El anden prefabricado no muy estable acoge su zapato izquierdo negro algo desbocado primero, luego al bastón y luego el derecho. Entre la riada de gente, camina firme en dirección al túnel de salida.

Voy detrás, observo su ascenso en la empinada escalera, trato de percibir qué siente, trasladar la dificultad de mis caderas, tobillos, rodillas -mínima- a los treinta y seis años que me separan de ella.

La veo avanzar con su bolsa rosa, incongruente en ciertas falsas costumbres atribuidas a la edad, rosa chicle para una rebeldía de la que seguro ni siquiera es consciente, su leve cojera adelante entre una multitud para quien no es nadie, apenas perciben una anciana, una abuela, una octogenaria más… hasta que salen a una plaza donde cómo hormigas con tareas asignadas los viajeros se desperdigan.

Sigo a la mujer con la mirada, destino final habitación de residencia, lamentando no haberme atrevido a saber más de su vida, sus hijas, sus noches de soledad, el abono que seguro guarda con celo para sus trayectos, el fondo disponible para menú diario, ¿cómo se llamará?

Quién es, qué soñó, qué ha vivido, cómo ha llegado a esta plaza de una ciudad en el cinturón de la capital… Y mientras paso el torno de salida la veo perderse en una esquina, ágil y rauda, apoyada en su cachaba, la bolsa de tela como colorido señuelo colgada de la muñeca izquierda.

Sé que siento envidia.

Admiración y anhelo de poseer lo que la viajera de cercanías.
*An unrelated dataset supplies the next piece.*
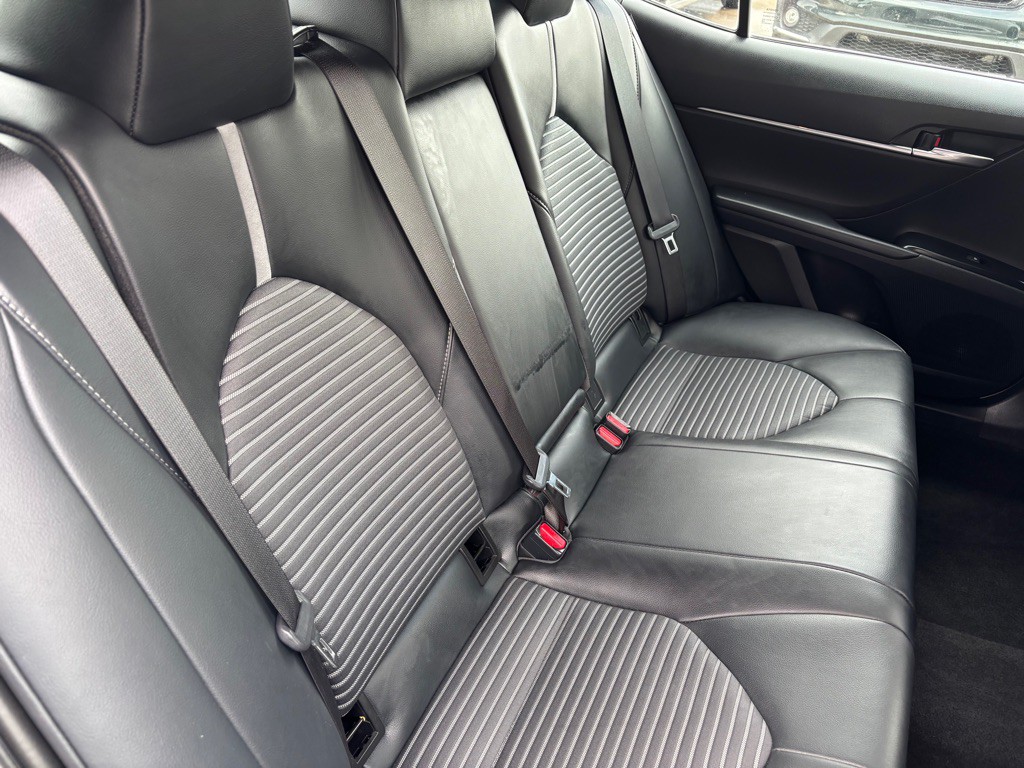 2020 Toyota Camry Image 13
La fortaleza, ilusión, ganas, de seguir callejeando, sin marido, compañero, hogar propio, todos los recuerdos en un solo armario, los hijos en sus casas y urgencias… La mujer infatigable en busca de sus iguales, a diario, la compañía. Los escaparates, los bollos, la charla, la risa, la indignación compartida, el cuarto de invitados en casa de las amigas, la muda limpia en una bolsa de tela rosa fresa, a punto de los noventa.

Pienso en quienes me rodean, tantos que con edad similar a la mía, creen tener Cary y yo Rtodas las batallas perdidas, envueltos en la sensación de un fútil amor más.

He tenido ganas de exclamar: ¡mentira!

Señoras, amigas mías, ¡no es verdad!

¡Mientras haya una cachaba, un ser querido, un cómplice, un tren que nos lleva!